For the dimensional investigation, Fe(III) doped CNDs were dispersed in three solvents. Thus, water (polar protic), acetone (polar aprotic) and chloroform (non-polar)33 dispersions were prepared by suspending 1 mg of Fe(III) doped CNDs in each 10 mL of the ante-mentioned solvents, the mixtures being further sonicated and then centrifuged at 15000 RPM for 10 min. The recorded results are presented in Fig. 4a. In aqueous medium the Fe(III) doped CNDs are well dispersed, with 20–25 nm average size of individual dots or clusters representing about 60%, while the rest are up to 35 nm. The situation is slightly different in acetone, the dimensional distribution between 35–50 nm in a proportion of 75%, the rest being at a max. 60–120 nm range. For chloroform dispersed Fe(III) doped CNDs the agglomeration tendency is very high, with clusters exceeding 1.5 μm.
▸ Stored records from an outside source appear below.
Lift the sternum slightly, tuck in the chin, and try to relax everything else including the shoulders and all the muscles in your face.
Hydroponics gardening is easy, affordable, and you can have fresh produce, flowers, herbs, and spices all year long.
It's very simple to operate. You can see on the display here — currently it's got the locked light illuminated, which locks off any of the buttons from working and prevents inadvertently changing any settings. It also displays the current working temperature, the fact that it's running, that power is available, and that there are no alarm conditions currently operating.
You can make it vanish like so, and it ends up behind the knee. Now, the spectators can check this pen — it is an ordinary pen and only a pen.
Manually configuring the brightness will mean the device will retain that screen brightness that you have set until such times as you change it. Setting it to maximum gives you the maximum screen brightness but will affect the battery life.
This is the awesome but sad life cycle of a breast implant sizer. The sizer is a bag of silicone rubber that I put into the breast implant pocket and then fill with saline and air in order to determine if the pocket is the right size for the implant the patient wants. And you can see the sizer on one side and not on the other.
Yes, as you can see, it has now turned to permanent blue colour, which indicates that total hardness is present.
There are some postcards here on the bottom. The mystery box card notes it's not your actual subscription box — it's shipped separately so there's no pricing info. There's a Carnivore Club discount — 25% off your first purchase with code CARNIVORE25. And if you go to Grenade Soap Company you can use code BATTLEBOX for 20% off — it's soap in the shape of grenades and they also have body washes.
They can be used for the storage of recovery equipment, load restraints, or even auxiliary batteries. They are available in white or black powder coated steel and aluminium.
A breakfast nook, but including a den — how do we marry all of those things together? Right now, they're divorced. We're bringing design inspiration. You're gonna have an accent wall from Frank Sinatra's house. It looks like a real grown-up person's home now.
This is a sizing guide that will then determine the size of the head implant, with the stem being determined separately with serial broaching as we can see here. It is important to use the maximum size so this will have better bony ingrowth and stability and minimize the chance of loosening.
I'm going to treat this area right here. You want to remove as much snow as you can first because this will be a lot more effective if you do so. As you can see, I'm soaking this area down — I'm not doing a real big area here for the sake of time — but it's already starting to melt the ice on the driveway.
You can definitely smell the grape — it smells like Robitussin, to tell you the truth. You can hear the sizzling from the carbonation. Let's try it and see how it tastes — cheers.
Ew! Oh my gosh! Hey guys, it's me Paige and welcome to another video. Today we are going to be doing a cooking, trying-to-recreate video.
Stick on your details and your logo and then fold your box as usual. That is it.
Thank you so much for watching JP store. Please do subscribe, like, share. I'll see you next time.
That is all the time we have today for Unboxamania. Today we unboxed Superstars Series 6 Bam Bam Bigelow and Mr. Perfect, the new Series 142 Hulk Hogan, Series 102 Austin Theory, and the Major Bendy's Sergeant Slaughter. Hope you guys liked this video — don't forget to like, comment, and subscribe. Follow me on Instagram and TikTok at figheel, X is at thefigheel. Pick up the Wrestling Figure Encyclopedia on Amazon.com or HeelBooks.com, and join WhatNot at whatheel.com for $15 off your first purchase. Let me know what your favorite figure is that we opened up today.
The average recorded measurement errors for the Fe(III) doped CNDs dispersed in water, acetone and chloroform, respectively, are: 2%; 1.5%; 1.1%. The results confirm the significant influence of the dispersion medium on the agglomeration tendency of the CNDs7,34. In the particular case of aqueous dispersion, the Fe3+ cation seems to favor the hydration of the individual CND. The presence of water molecules in the outer coordination sphere or interacting with the surface located functional groups seems to avoid the agglomeration tendency to a certain extent. As will be later shown, the presence of water molecules is responsible for both unusual color shift and deep green photoluminescent emission, while for the other solvents this behavior is absent.

Figure 4
figure 4

Dimensional distribution of the prepared Fe(III) doped CNDs (a) dispersed in water, acetone and chloroform; TEM micrographs (b,c) of Fe(III) doped CNDs; and AFM imaging recorded for Fe(III) doped CNDs dispersed in (d) water, (e) chloroform.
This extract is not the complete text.